**What this task involves:** Could you give again exactly, and only, the lines from the one holding "Banana Republic Gently worn size M shirt" through the end of the data, both ends included, with pictures left out?

**Available data:**
▬▬▬▬▬▬

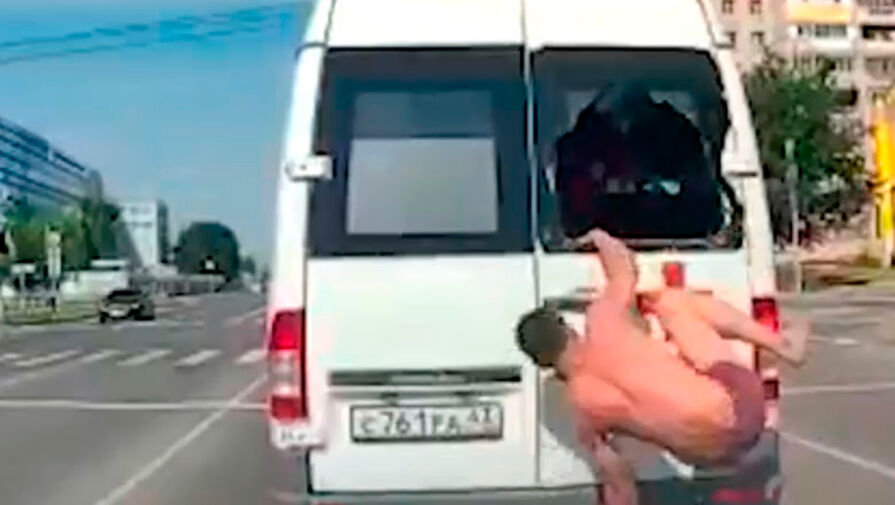 Россиянин разбил окно в машине скорой помощи и сбежал по пути в больницу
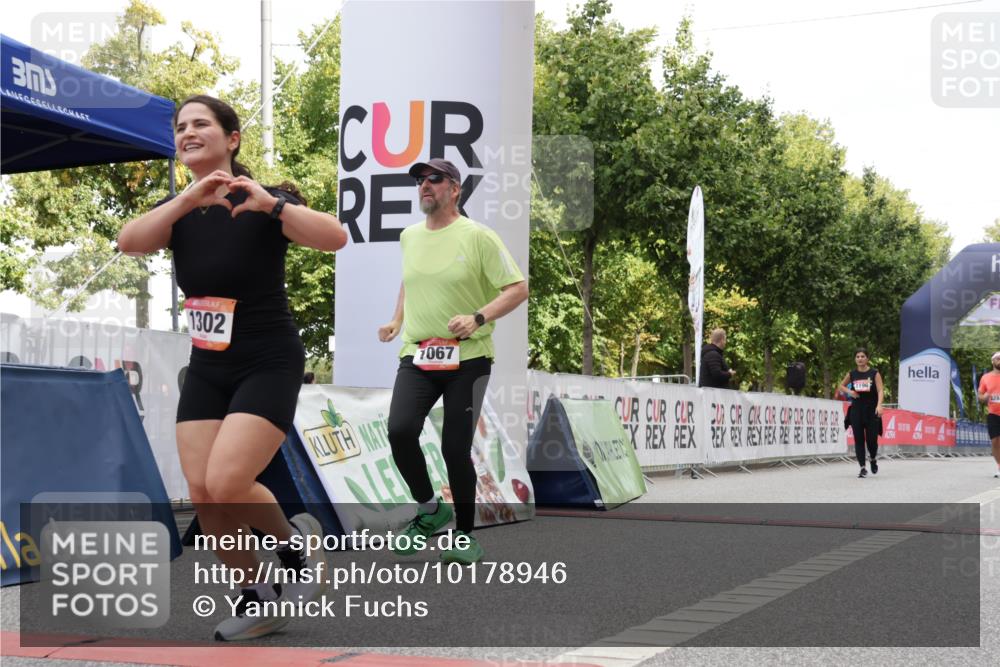 06.09.2026 - CURREX Alsterlauf Yannick Fuchs http://msf.ph/oto/10178946 06.09.2026 12:03:47 Ziel 1067, 1145, 1180, 1302, 1335 meine-sportfotos.de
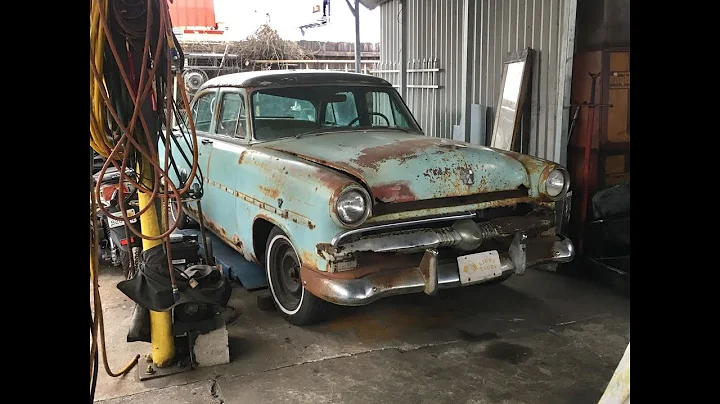 1953 Ford Flathead V8 with Borla mufflers at idle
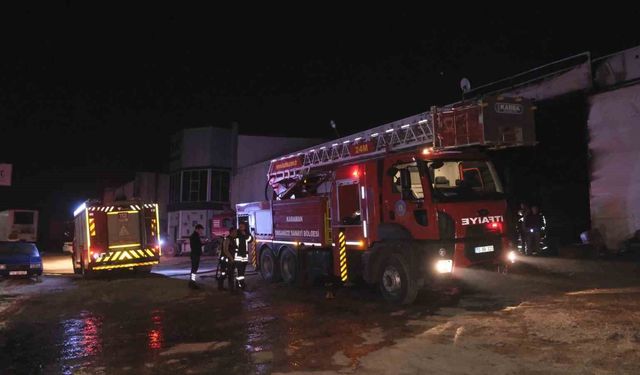 Karaman'da dorse üretim fabrikasında yangın paniği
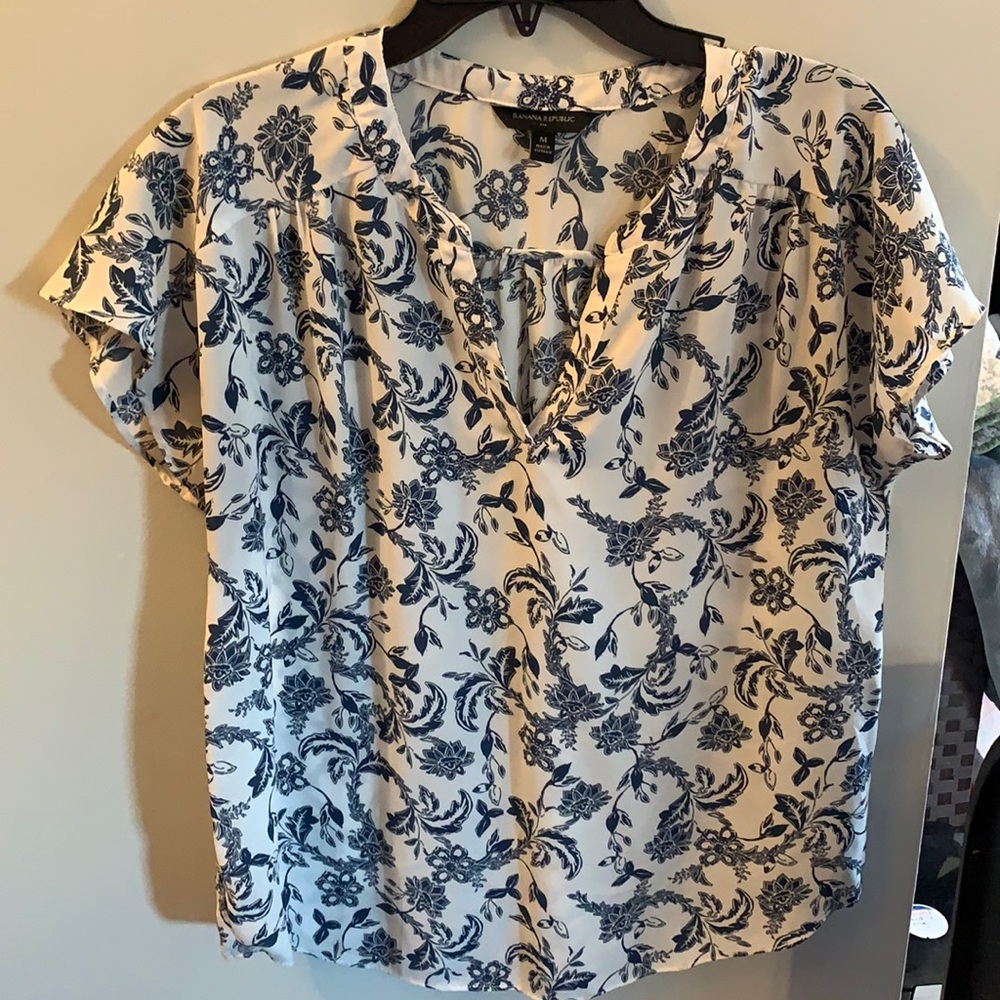 Banana Republic Gently worn size M shirt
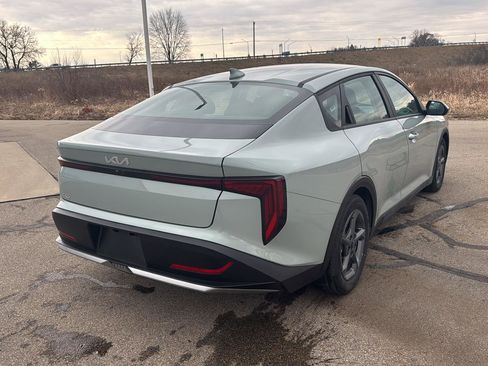 Used 2025 Kia K4 LXS image 6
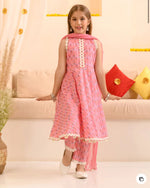 Girls Pink Floral Screen print Pure Cotton A-Line Kurta with Trousers & Dupatta in Germany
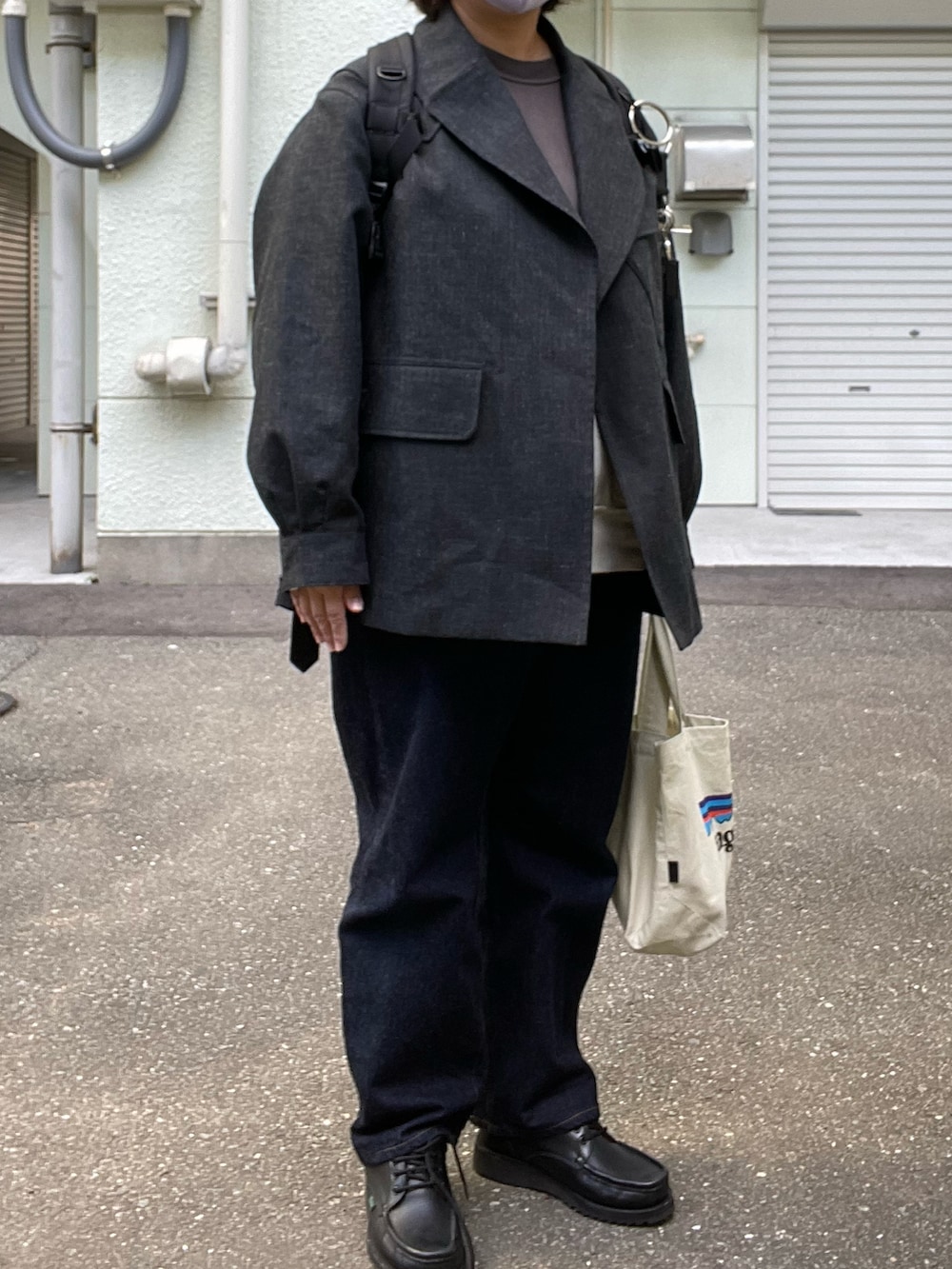 「ファッションを楽しもう、blurhms、スウェット、モーターサイクルジャケット、YAECA、ワイドテーパードデニム、Paraboot、チロリアンシューズ、Hender Scheme、キーリング」｜「blurhmsのモーターサイクルジャケット（ジャケット/アウター、グレー系）」を使った、SPADE25さん（レディース・167cm）の秋コーディネートの2枚目の写真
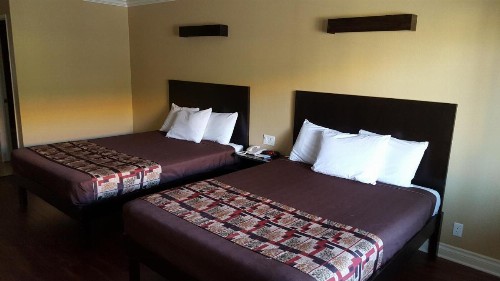 Anaheim Astoria Inn & Suites - image 16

▬▬▬▬▬▬

**Task output:**
 Banana Republic Gently worn size M shirt
 Used 2025 Kia K4 LXS image 6
 Girls Pink Floral Screen print Pure Cotton A-Line Kurta with Trousers & Dupatta in Germany
 「ファッションを楽しもう、blurhms、スウェット、モーターサイクルジャケット、YAECA、ワイドテーパードデニム、Paraboot、チロリアンシューズ、Hender Scheme、キーリング」｜「blurhmsのモーターサイクルジャケット（ジャケット/アウター、グレー系）」を使った、SPADE25さん（レディース・167cm）の秋コーディネートの2枚目の写真
 Anaheim Astoria Inn & Suites - image 16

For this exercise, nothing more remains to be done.